Everything in the data except the pictures belongs in your answer, copied exactly.
(Beginning of SOURCE DATA)
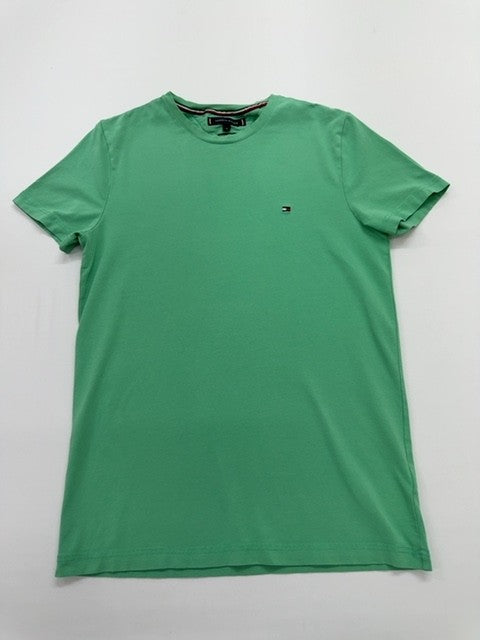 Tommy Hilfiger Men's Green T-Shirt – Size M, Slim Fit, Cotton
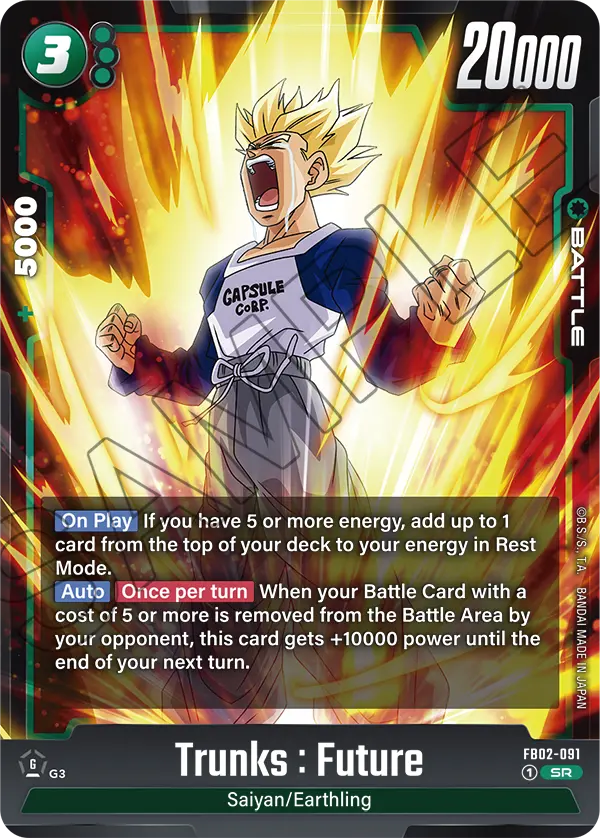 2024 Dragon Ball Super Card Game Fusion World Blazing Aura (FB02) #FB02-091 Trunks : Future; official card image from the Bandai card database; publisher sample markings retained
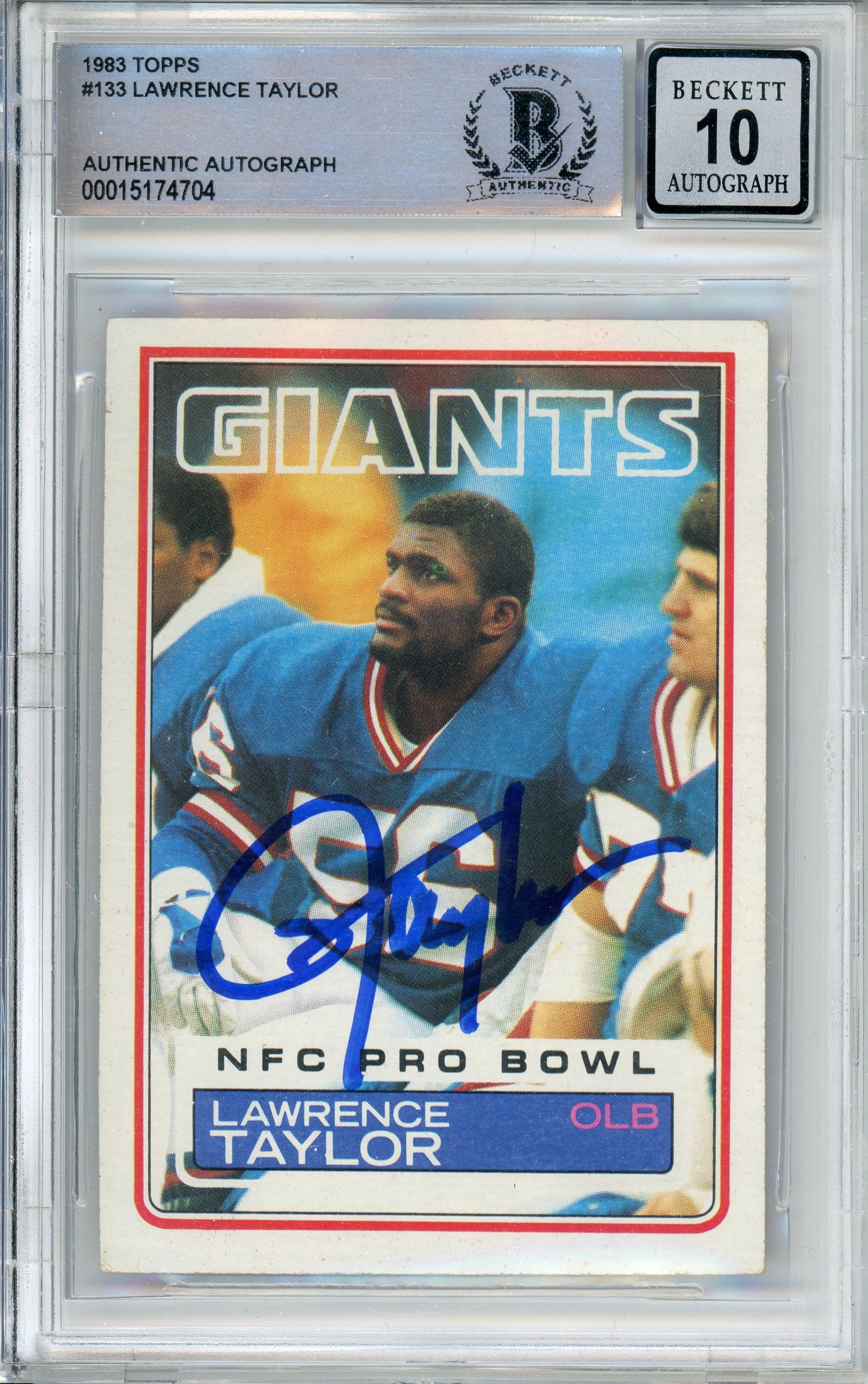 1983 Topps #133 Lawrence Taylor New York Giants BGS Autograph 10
(End of SOURCE DATA)
OUTPUT FOR THIS TASK:
 Tommy Hilfiger Men's Green T-Shirt – Size M, Slim Fit, Cotton
 2024 Dragon Ball Super Card Game Fusion World Blazing Aura (FB02) #FB02-091 Trunks : Future; official card image from the Bandai card database; publisher sample markings retained
 1983 Topps #133 Lawrence Taylor New York Giants BGS Autograph 10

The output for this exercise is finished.